At President Sarkozy’s request, the French parliament has established a bipartisan panel to study ways of restricting the burqa in French society, including an outright ban on wearing it in public. Calling the garment “a sign of subservience [and] debasement” for women, Sarkozy boldly declared that the burqa “is not welcome in France.”
Host to Europe’s largest Muslim population—about 5 million people—French society has long debated whether the garment is an affront to women's rights and to the nation’s hard-won secular tradition. Although it’s been outlawed in schools and other public buildings since 2004, Muslims in France are increasingly adopting the trend. So the rest of world is watching the escalating debate with keen interest, and many western nations are asking the same questions as France.

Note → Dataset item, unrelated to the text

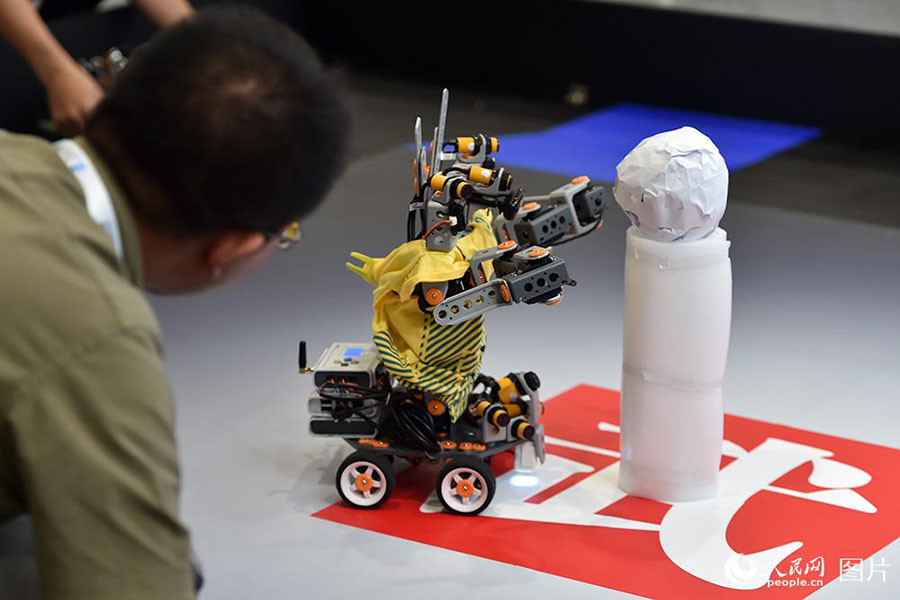 Beijing realiza Conferência Mundial de Robótica 2018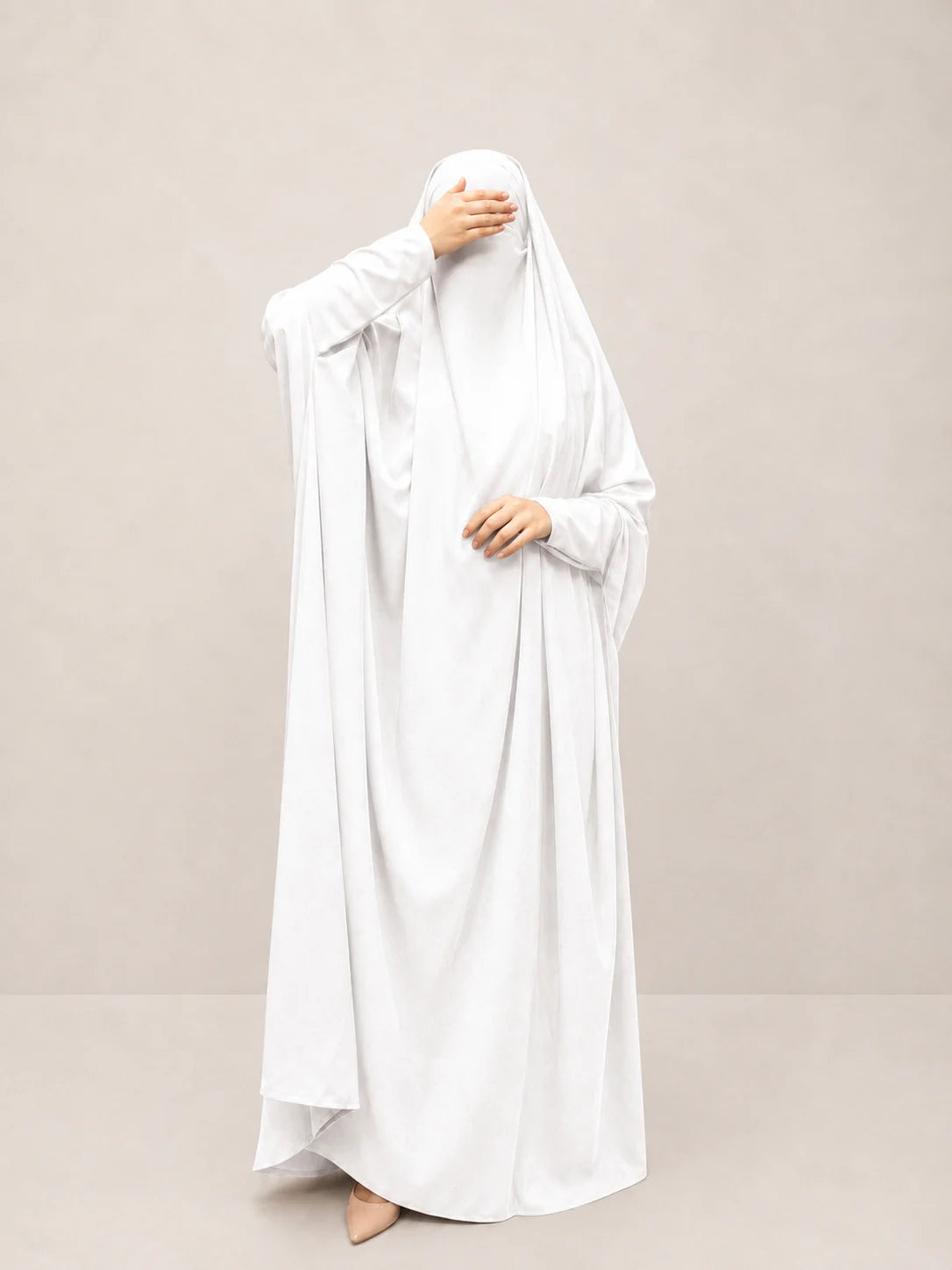 White Jilbab With Plain Sleeves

So although I've always disliked the burqa on principle, I'd mentally put it in the same box as the wigs and shapeless black clothing of the Hassidim. I thought What’s the big deal? You just have to get used to it. Then I met a Muslim woman who wore a burqa, and in the course of 20 minutes my perspective shifted 180 degrees.
She was very nice. Warm and intelligent. Charming, even. But the longer we spoke, the more uncomfortable I became. And to my surprise, the main thing I felt was resentment. I couldn’t read her at all. Although she had very expressive eyes, I was missing an entire level of communication with her. She, on the other hand, had access to every nuance of my body language, my facial expressions, and my intonation. It was like being blind, except that it was she who had intentionally blinded me.
But my resentment went deeper. I would never go to the Middle East and expect to sunbathe on the beach or wear a skirt and high heels in public. Aside from the threat of arrest, imprisonment and corporal punishment, it would be disrespectful. Just as I, a non-Catholic, would cover my head if I met the Pope, and would curtsy if I met Queen Elizabeth, I wouldn’t visit a Muslim country and deliberately ignore its customs. Yet there she stood, ignoring our cultural norms while blithely taking for granted that we would respect hers.
In western society, we meet face-to-face. In fact, aside from Halloween and costume parties, covering your face is considered hostile and aggressive. And frankly, in an age of terrorism against all things Western, the burqa arouses an emotional response akin to the white hood of the Ku Klux Klan. There’s just nothing defensible about the symbolism.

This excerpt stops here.